Summary: The age of U.S. dominance in the Middle East has ended and a new era in
the modern history of the region has begun. It will be shaped by new actors and 
new forces competing for influence, and to master it, Washington will have to 
rely more on diplomacy than on military might.

Richard N. Haass is President of the Council on Foreign Relations.

THE END OF AN ERA

Just over two centuries since Napoleon's arrival in Egypt heralded the advent of
the modern Middle East -- some 80 years after the demise of the Ottoman Empire, 
50 years after the end of colonialism, and less than 20 years after the end of 
the Cold War -- the American era in the Middle East, the fourth in the region's 
modern history, has ended. Visions of a new, Europe-like region -- peaceful, 
prosperous, democratic -- will not be realized. Much more likely is the 
emergence of a new Middle East that will cause great harm to itself, the United 
States, and the world.

All the eras have been defined by the interplay of contending forces, both 
internal and external to the region. What has varied is the balance between 
these influences. The Middle East's next era promises to be one in which outside
actors have a relatively modest impact and local forces enjoy the upper hand -- 
and in which the local actors gaining power are radicals committed to changing 
the status quo. Shaping the new Middle East from the outside will be exceedingly
difficult, but it -- along with managing a dynamic Asia -- will be the primary 
challenge of U.S. foreign policy for decades to come.

The modern Middle East was born in the late eighteenth century. For some 
historians, the signal event was the 1774 signing of the treaty that ended the 
war between the Ottoman Empire and Russia; a stronger case can be made for the 
importance of Napoleon's relatively easy entry into Egypt in 1798, which showed 
Europeans that the region was ripe for conquest and prompted Arab and Muslim 
intellectuals to ask -- as many continue to do today -- why their civilization 
had fallen so far behind that of Christian Europe. Ottoman decline combined with
European penetration into the region gave rise to the "Eastern Question," 
regarding how to deal with the effects of the decline of the Ottoman Empire, 
which various parties have tried to answer to their own advantage ever since.

The first era ended with World War I, the demise of the Ottoman Empire, the rise
of the Turkish republic, and the division of the spoils of war among the 
European victors. What ensued was an age of colonial rule, dominated by France 
and the United Kingdom. This second era ended some four decades later, after 
another world war had drained the Europeans of much of their strength, Arab 
nationalism had risen, and the two superpowers had begun to lock horns. "[He] 
who rules the Near East rules the world; and he who has interests in the world 
is bound to concern himself with the Near East," wrote the historian Albert 
Hourani, who correctly saw the 1956 Suez crisis as marking the end of the 
colonial era and the beginning of the Cold War era in the region.
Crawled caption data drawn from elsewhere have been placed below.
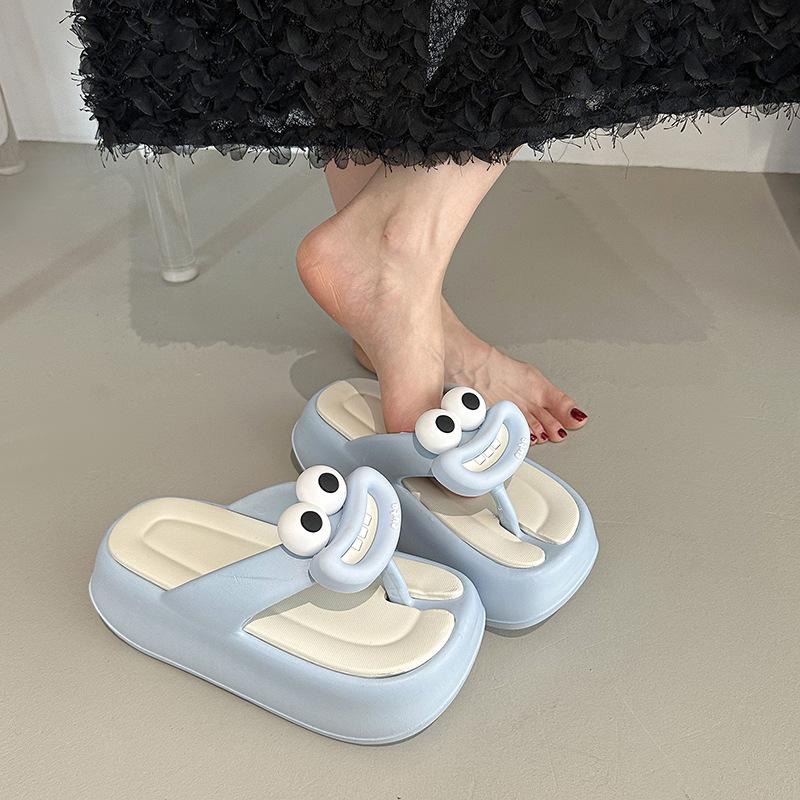 Милые стильные мультяшные декоративные тапочки с высокой дышащей подошвой, нескользящие удобные сандалии - пляжные тапочки для улицы
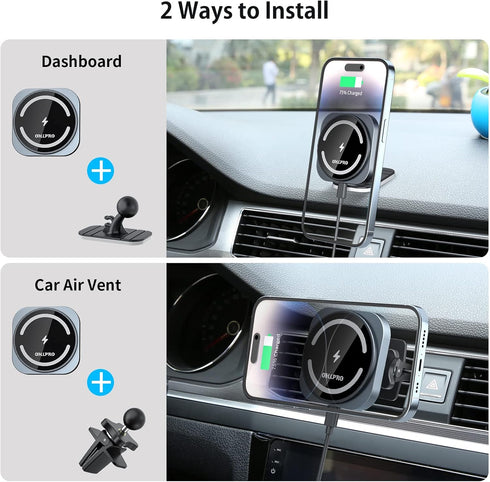 OHLPRO for MagSafe Car Mount Charger, 15W Fast Charging Car Magnetic Phone Holder for Dashboard and Air Vent, Compatible with iPhone 15/14/13/12 S...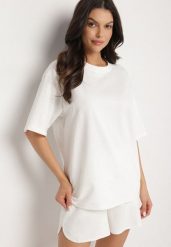 Biały Bawełniany Klasyczny T-shirt Merovira. Białe t-shirty Born2be, bez wzorów, z bawełny, bez kołnierzyka, bez ramiączek. Za 44.99 zł.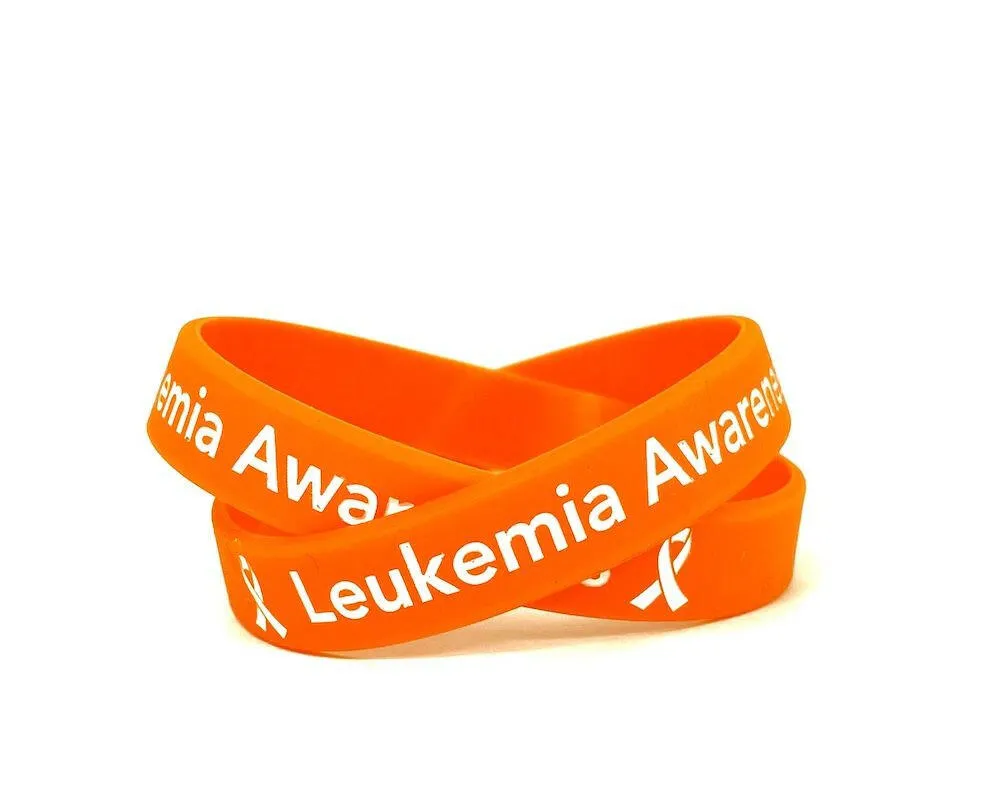 Leukemia Awareness Orange Rubber Bracelet Wristband White Letters - Youth 7"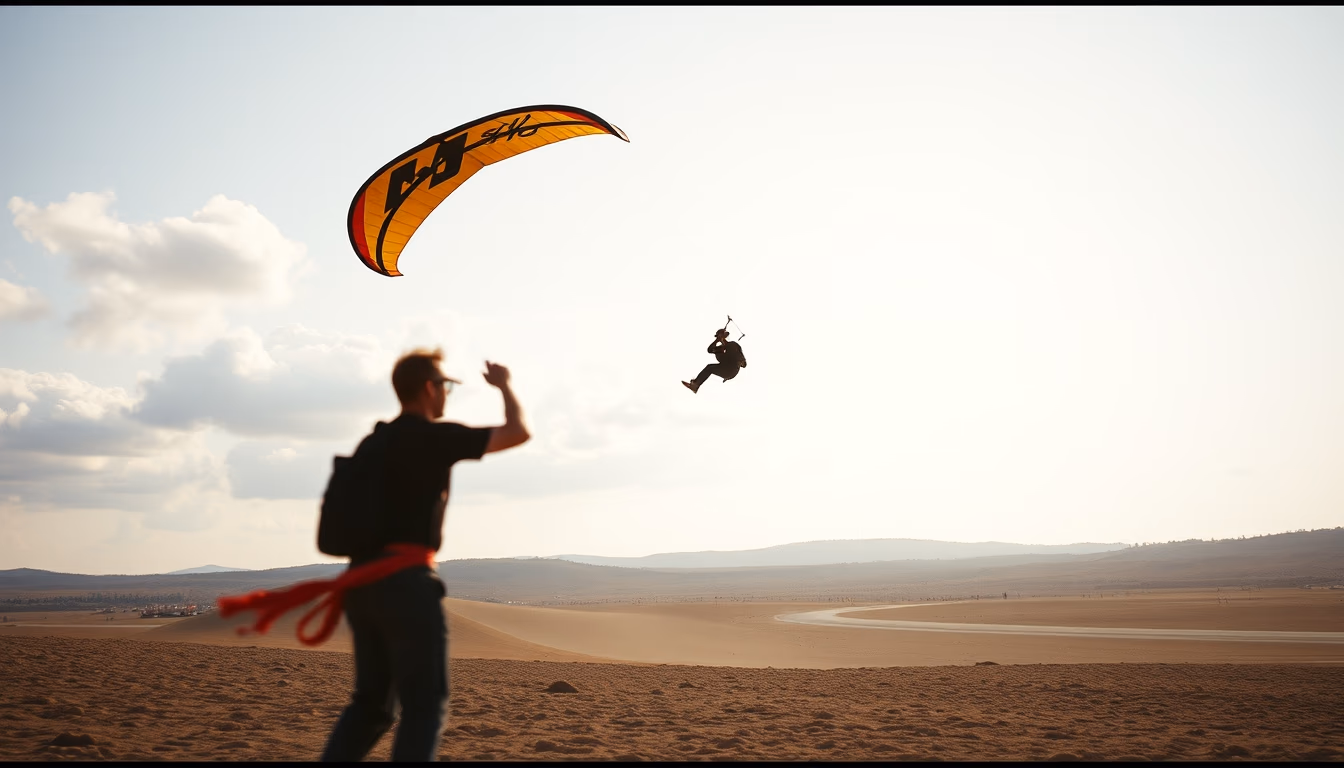 sport kite stunt in editorial style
During the Cold War, as had been the case previously, outside forces played a 
dominant role in the Middle East. But the very nature of U.S.-Soviet competition
gave local states considerable room to maneuver. The high-water mark of the era 
was the October 1973 war, which the United States and the Soviet Union 
essentially stopped at a stalemate, paving the way for ambitious diplomacy, 
including the Egyptian-Israeli peace accord.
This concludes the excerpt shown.